[R] subset selection for logistic regression

Christian Hennig fm3a004 at math.uni-hamburg.de
Wed Mar 2 18:10:46 CET 2005


Perhaps I should not write it because I will discredit myself with this
but...

Suppose I have a setup with 100 variables and some 1000 cases and I want to
boil down the number of variables to a maximum of 10 for practical reasons
even if I lose 10% prediction quality by this (for example because it is
expensive to measure all variables on new cases).  

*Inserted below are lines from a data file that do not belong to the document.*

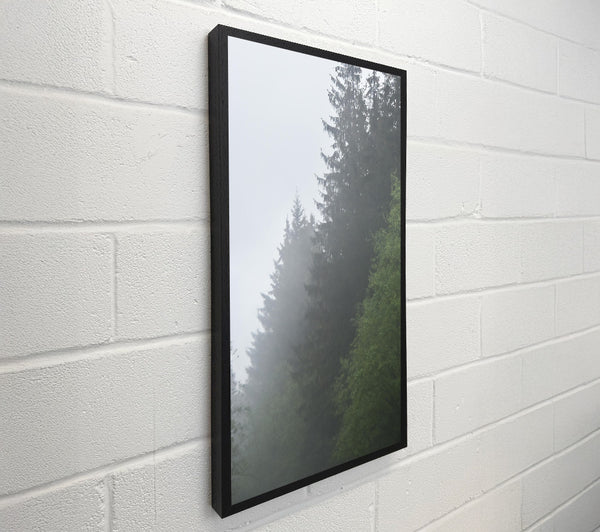 Green Foggy Pines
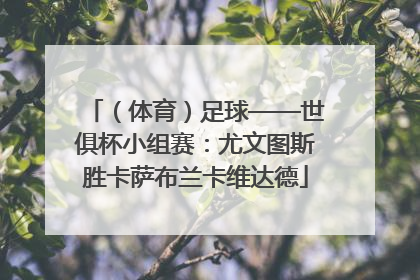 （体育）足球——世俱杯小组赛：尤文图斯胜卡萨布兰卡维达德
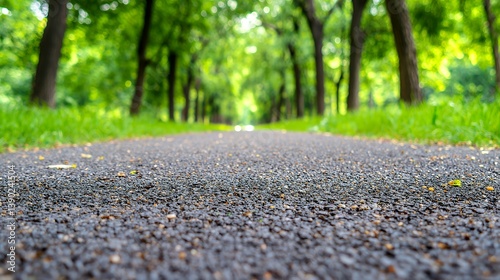 Fototapeta Naklejka Na Ścianę i Meble -  Close up of wet asphalt path in park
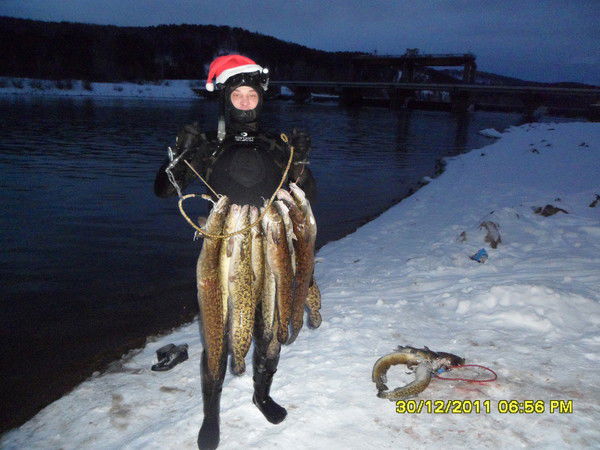 Дмитрий Лапуцкий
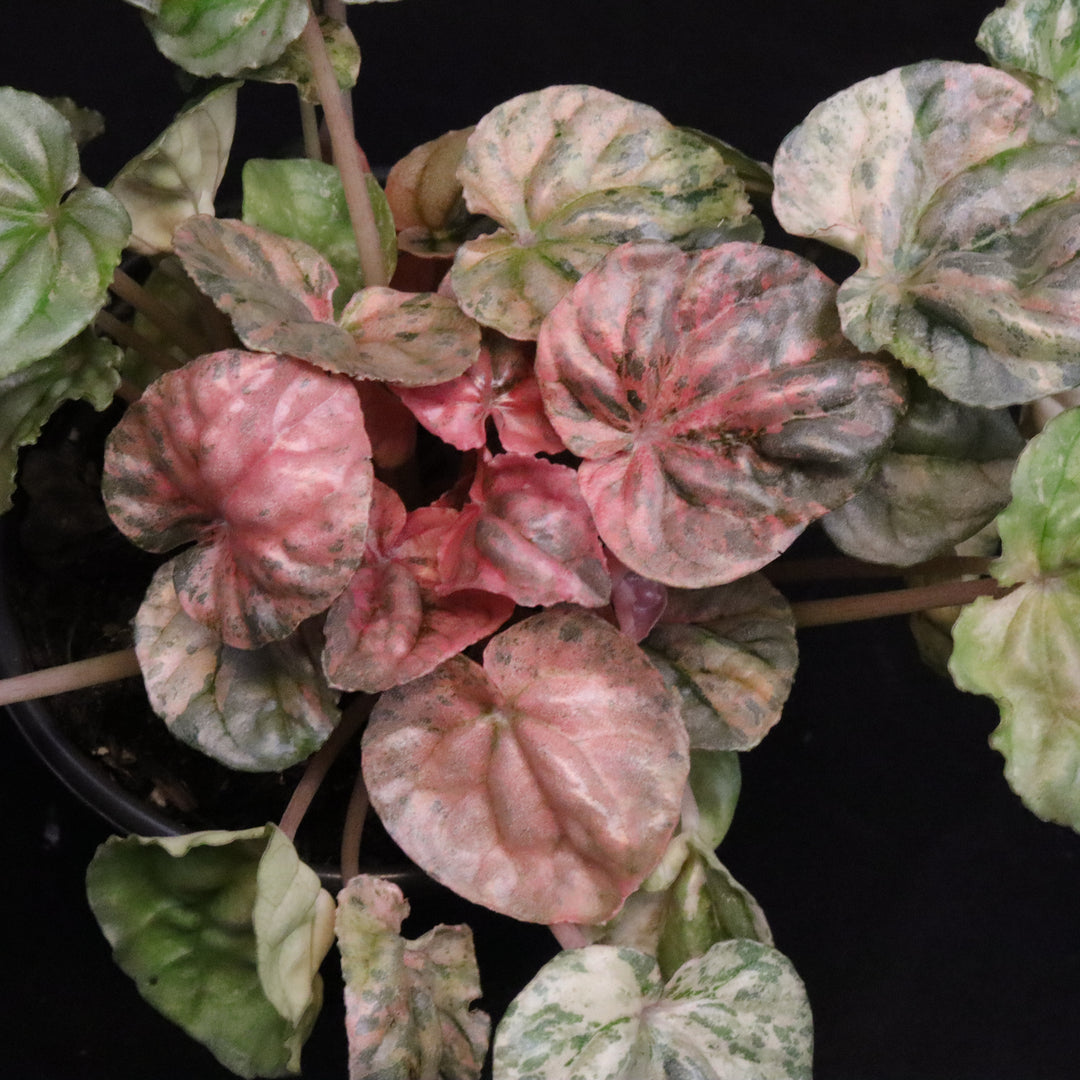 Variegated Peperomia 'Freckles'
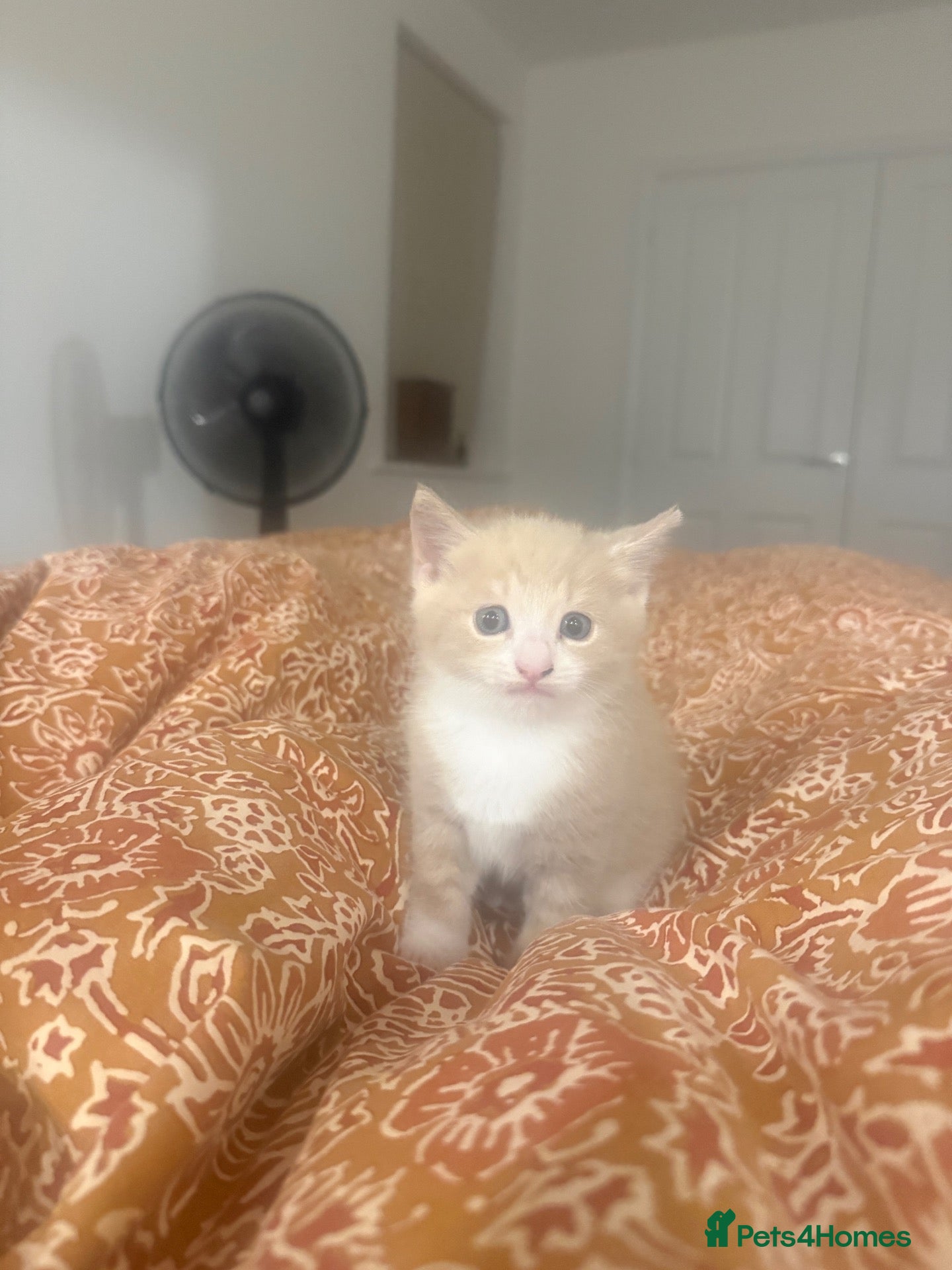 Mixed Breed cats Light ginger male kitten - Advert 10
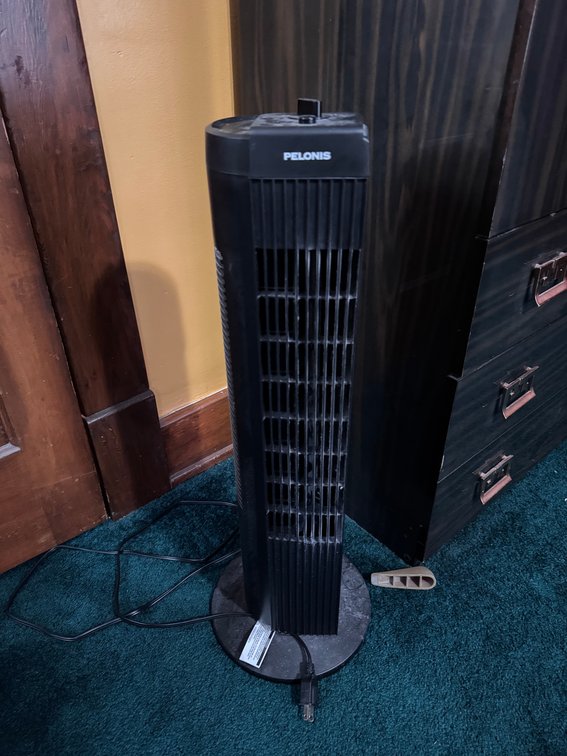 Pelonis fan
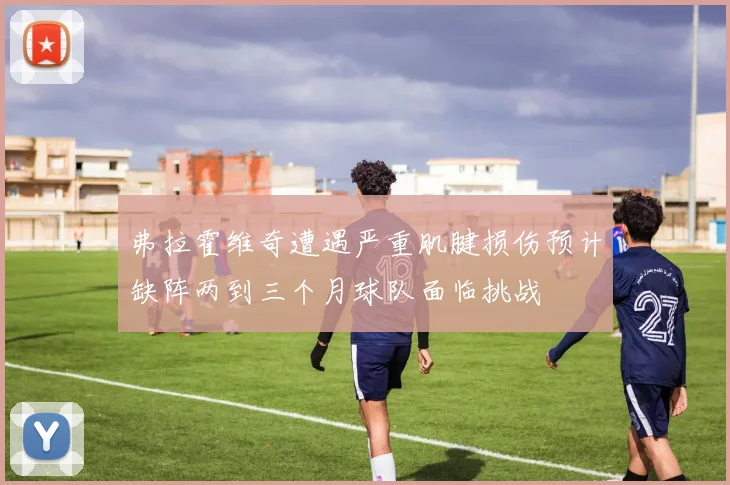 弗拉霍维奇遭遇严重肌腱损伤预计缺阵两到三个月球队面临挑战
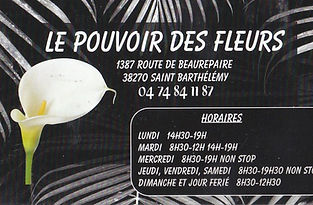 21 - LE POUVOIR DES FLEURS_edited.jpg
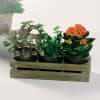 Potted house plants in decorative container
Also available with Herbs for the cook!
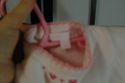 Dylan & Abby pink sweater dress embroidered w/ pin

Is it really so wrong to use a stepwise method?
Let's say I divide the sample into three parts and do variable selction on
the first part, estimation on the second and test on the third part (this
solves almost all problems Frank is talking about on p. 56/57 in his
excellent book). Is there always a tractable alternative? 

Of course it is wrong to interpret the selected variables as "the true
influences" and all others as "unrelated", but if I don't do that?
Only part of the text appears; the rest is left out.